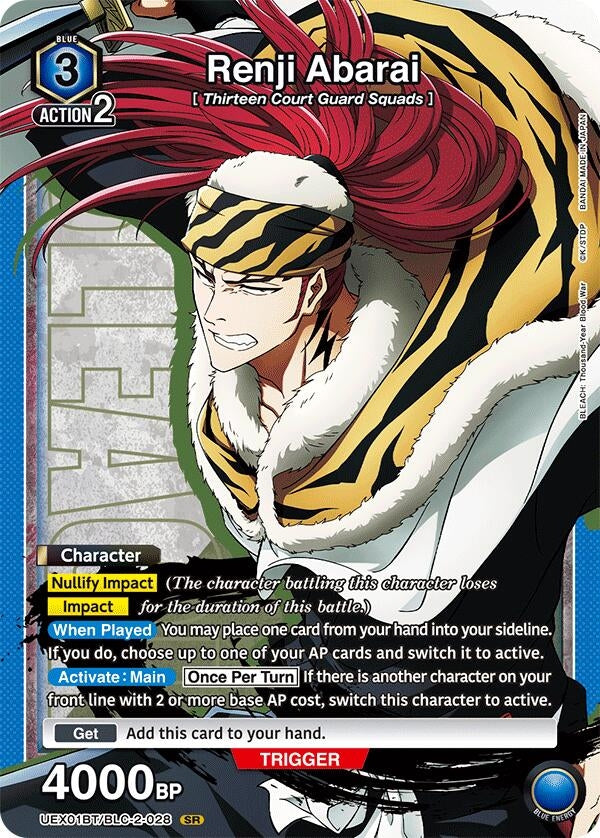 Image for Renji Abarai (028) (UEX01BT/BLC-2-028) (UEX01BT: BLEACH: Thousand-Year Blood War Vol.2) (UEX01BT) - Union Arena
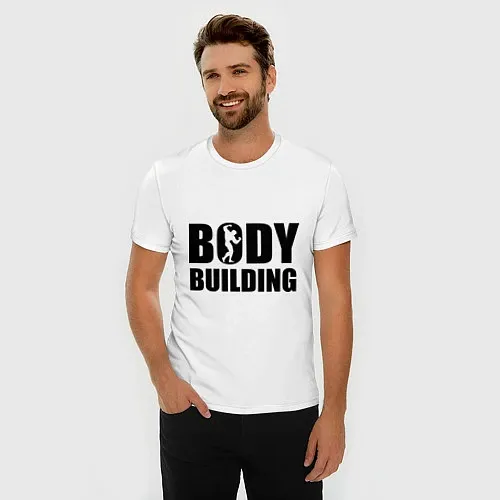 Мужские приталенные футболки для бодибилдинга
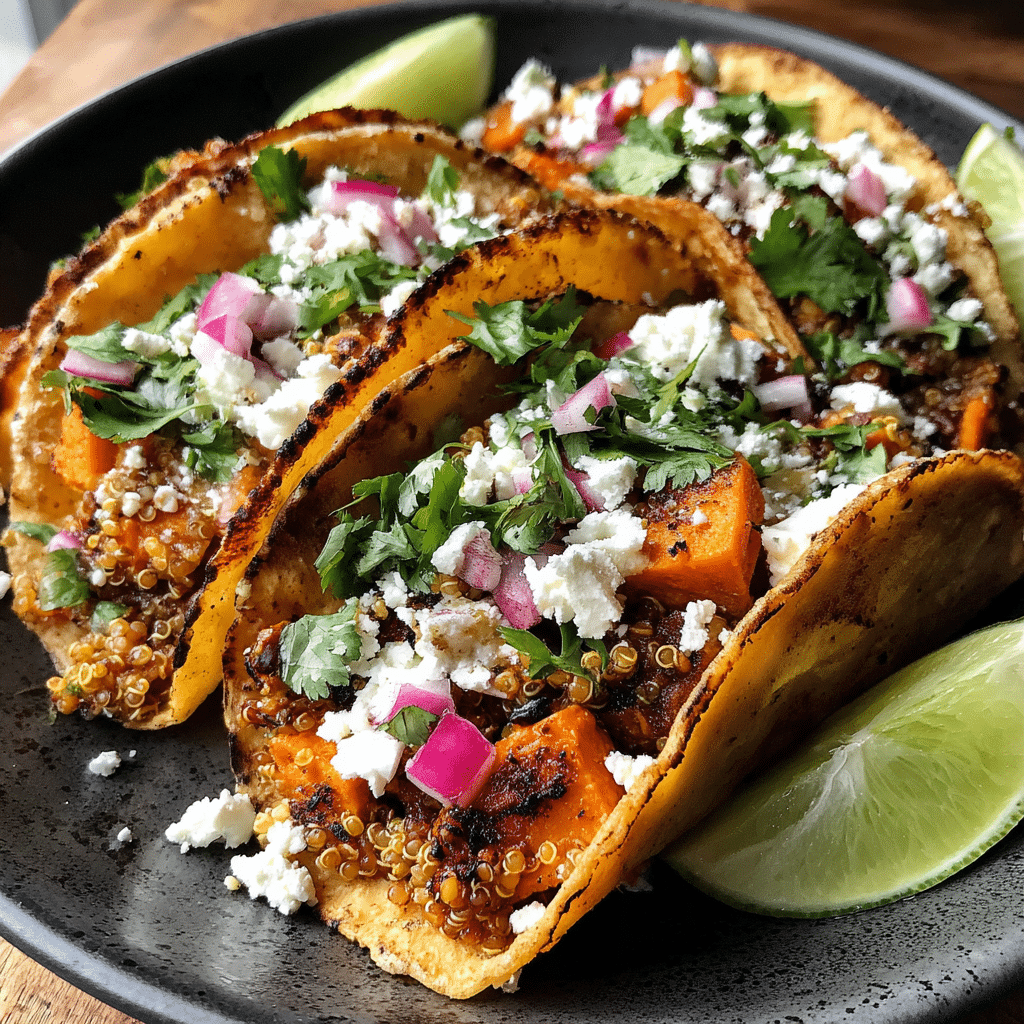 Chipotle Sweet Potato Quinoa Tacos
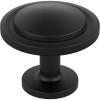 Amerock 10BX37025MB | Matte Black Cabinet Knob | 1-3/16 inch (30mm) Diameter | 10 Pack | Loop | Furniture Hardware(Matte Black)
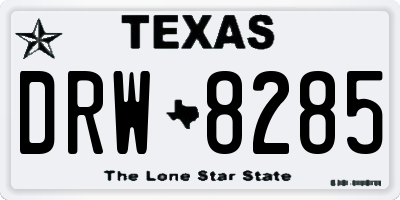 TX license plate DRW8285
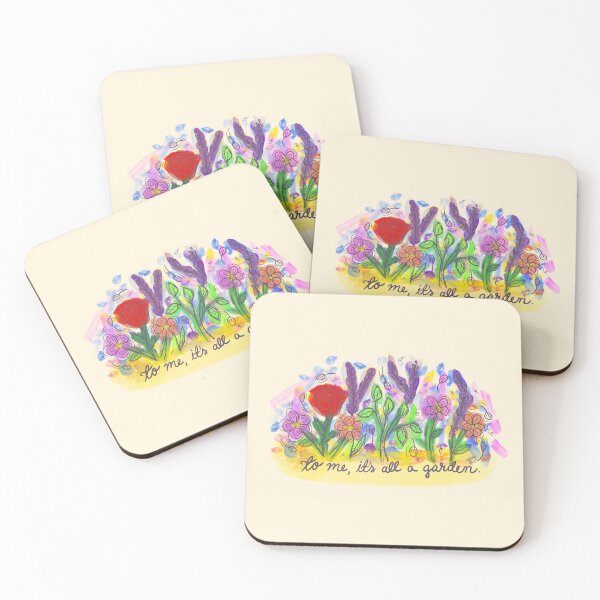 Item preview, Watercolor garden designed and sold by daisyink.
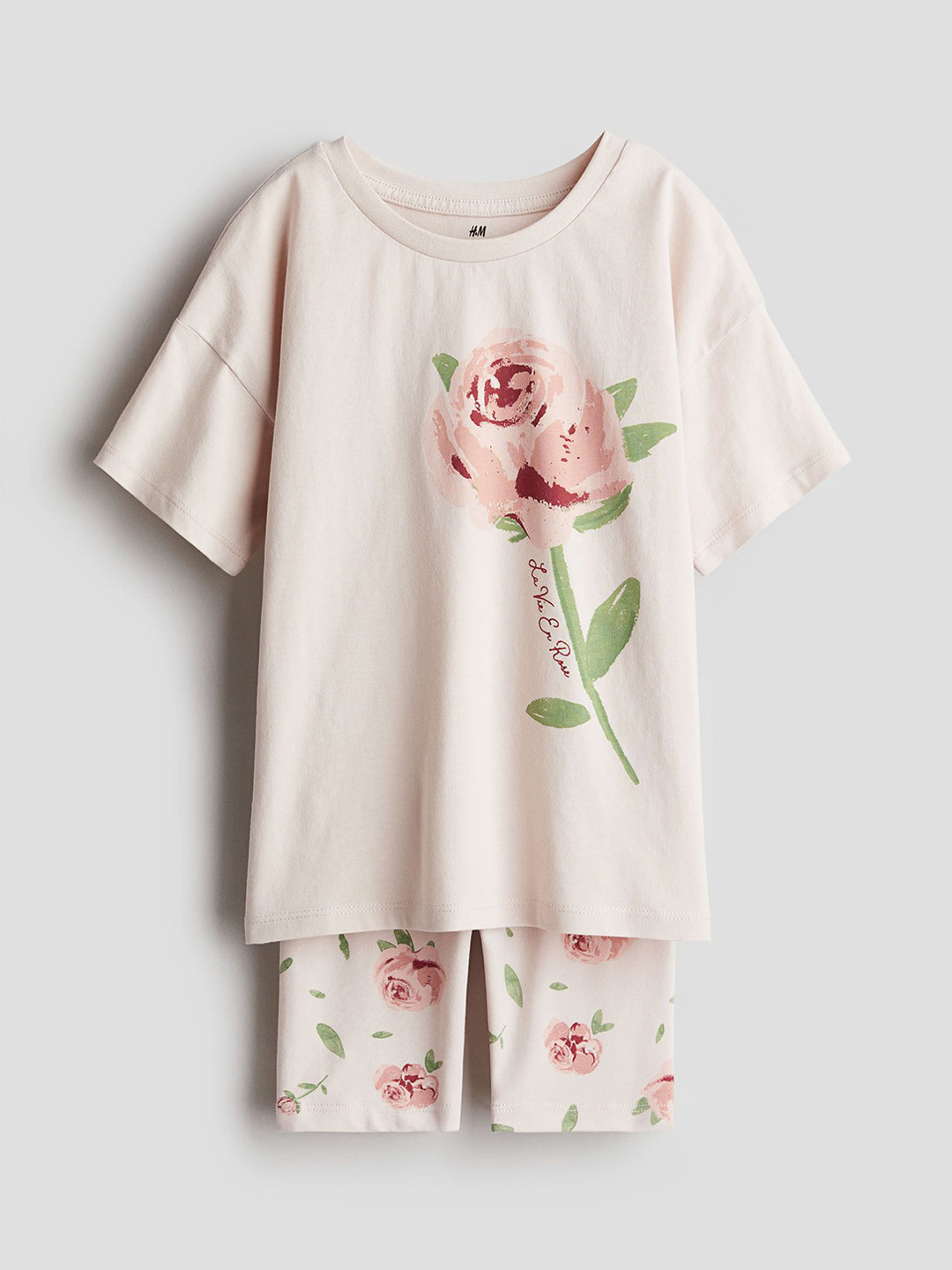 

H&M 2-Piece Printed Set, Pink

## Problem to solve
Would you output all of the entries above exactly, keeping the pictures out?

## Response below
 Image for Renji Abarai (028) (UEX01BT/BLC-2-028) (UEX01BT: BLEACH: Thousand-Year Blood War Vol.2) (UEX01BT) - Union Arena
 Мужские приталенные футболки для бодибилдинга
 Chipotle Sweet Potato Quinoa Tacos
 Amerock 10BX37025MB | Matte Black Cabinet Knob | 1-3/16 inch (30mm) Diameter | 10 Pack | Loop | Furniture Hardware(Matte Black)
 TX license plate DRW8285
 Item preview, Watercolor garden designed and sold by daisyink.

H&M 2-Piece Printed Set, Pink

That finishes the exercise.